Dead birds and broken bricks

So this was the day after the 18 half marathons before.

Yesterday saw me complete my #18in18 Challenge, today was the journey back home from London followed by my normal Monday night club outing.

All pretty straightforward you might think. Not so.

I had my fair share of drama on the way back home via Stansted, although given my previous with that airport it’s perhaps not surprising.

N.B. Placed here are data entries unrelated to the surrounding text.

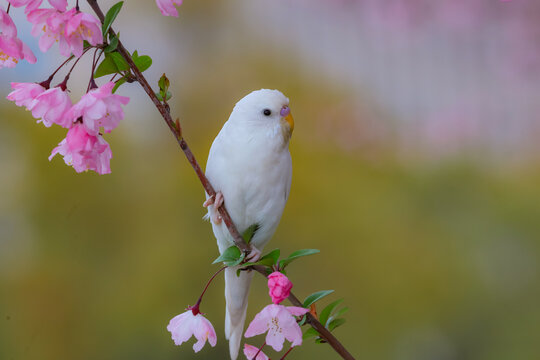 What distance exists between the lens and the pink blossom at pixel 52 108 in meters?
0.56

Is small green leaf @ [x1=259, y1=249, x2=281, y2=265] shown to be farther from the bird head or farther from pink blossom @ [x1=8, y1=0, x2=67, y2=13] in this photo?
pink blossom @ [x1=8, y1=0, x2=67, y2=13]

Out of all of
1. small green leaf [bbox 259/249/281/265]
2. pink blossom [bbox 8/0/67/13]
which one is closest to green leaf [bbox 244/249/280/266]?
Result: small green leaf [bbox 259/249/281/265]

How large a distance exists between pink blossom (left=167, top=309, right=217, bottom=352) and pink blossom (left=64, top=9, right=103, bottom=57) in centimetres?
32

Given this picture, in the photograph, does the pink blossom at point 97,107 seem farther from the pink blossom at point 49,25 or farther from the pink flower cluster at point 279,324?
the pink flower cluster at point 279,324

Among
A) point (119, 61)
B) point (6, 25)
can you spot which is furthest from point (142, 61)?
point (6, 25)

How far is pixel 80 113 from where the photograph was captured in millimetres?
560

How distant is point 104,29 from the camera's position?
0.54 meters

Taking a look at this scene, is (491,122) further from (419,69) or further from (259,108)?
(259,108)

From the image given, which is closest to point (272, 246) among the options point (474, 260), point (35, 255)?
point (474, 260)

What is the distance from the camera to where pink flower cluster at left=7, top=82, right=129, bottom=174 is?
556 mm

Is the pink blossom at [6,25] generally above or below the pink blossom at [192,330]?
above

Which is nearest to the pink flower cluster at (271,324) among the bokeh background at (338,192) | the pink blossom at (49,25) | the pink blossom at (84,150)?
the pink blossom at (84,150)

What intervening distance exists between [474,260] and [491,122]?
1.40 ft

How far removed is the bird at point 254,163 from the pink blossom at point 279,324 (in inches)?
3.5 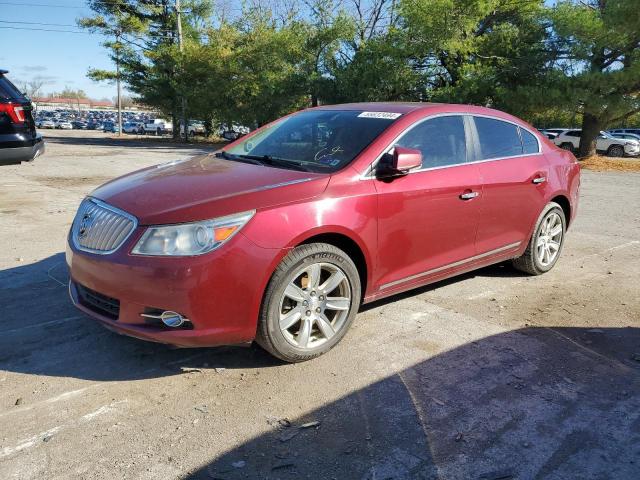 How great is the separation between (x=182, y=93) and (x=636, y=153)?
27.8 metres

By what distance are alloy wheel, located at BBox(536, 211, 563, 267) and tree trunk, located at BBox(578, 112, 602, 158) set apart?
20.3 m

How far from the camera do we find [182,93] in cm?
3388

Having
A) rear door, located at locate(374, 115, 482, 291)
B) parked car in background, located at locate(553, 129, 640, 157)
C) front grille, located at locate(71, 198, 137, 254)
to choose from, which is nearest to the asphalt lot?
rear door, located at locate(374, 115, 482, 291)

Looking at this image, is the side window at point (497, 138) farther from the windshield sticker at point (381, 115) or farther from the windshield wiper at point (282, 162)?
the windshield wiper at point (282, 162)

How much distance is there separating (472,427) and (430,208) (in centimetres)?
170

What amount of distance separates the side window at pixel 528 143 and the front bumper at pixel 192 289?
10.1 ft

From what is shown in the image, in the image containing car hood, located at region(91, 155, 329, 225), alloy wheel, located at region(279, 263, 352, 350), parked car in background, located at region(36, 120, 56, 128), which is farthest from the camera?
parked car in background, located at region(36, 120, 56, 128)

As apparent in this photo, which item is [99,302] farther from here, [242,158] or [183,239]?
[242,158]

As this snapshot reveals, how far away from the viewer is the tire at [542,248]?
16.9ft

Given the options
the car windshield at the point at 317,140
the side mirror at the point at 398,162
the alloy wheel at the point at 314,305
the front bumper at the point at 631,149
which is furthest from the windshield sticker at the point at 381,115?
the front bumper at the point at 631,149

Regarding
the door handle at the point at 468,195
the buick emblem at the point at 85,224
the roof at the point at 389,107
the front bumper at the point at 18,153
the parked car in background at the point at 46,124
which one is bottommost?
the buick emblem at the point at 85,224

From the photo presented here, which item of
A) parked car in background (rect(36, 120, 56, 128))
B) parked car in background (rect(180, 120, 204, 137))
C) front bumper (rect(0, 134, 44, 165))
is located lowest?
front bumper (rect(0, 134, 44, 165))

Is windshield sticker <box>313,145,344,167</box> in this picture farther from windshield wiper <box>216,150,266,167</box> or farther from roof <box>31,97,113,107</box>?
roof <box>31,97,113,107</box>

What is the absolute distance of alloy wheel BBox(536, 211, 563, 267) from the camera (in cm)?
526
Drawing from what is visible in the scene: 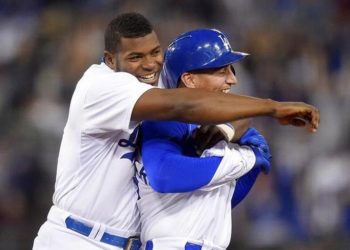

I made it to Liverpool Street without any issues. Then, as I was about to go through the barriers to board the Stansted Express the feckin’ app that stored my ticket decided not to display it, then log me out and just be a general all round pain in the arse.

After what seemed like an eternity, but really wasn’t, I pulled up my ticket, said my goodbyes to Dawn, and made my way onto the platform … just as the warning came that the doors were about to close.

Easy enough, you’d think, just to hop on except my train was at the far end of the platform. It’s just as well I’m a runner, because I ran like the hammers of hell and just about made it onto the train as the doors were closing in on my backside.

I knew there’d be another one is 15 minutes, but that wasn’t the point. I was already a little late and, with hindsight, it was just as well I got that particular train.

After calming myself down, I made it to the airport and very swiftly made it through security … almost.

Getting to the actual scanner bit was grand. I was then held up for at least half-an-hour as my case was one of what seemed like 50% of bags to be selected for extra screening, a process not helped by laid back security staff. Eventually it was the turn of my bag, only for the chap to half-heartedly wave his little scanner thing over it and usher me through.

Seriously mate. All that hanging around for bugger all? I bit my tongue, otherwise I don’t think I’d have made it back.

Anyway … already stressed I negotiated my way past the dawdling idiots going at a snails pace through Duty Free to look for the board to see how long it’d be before my gate would be called. I thought I’d have at least half-an-hour to compose myself, use the facilities, get a drink and so on.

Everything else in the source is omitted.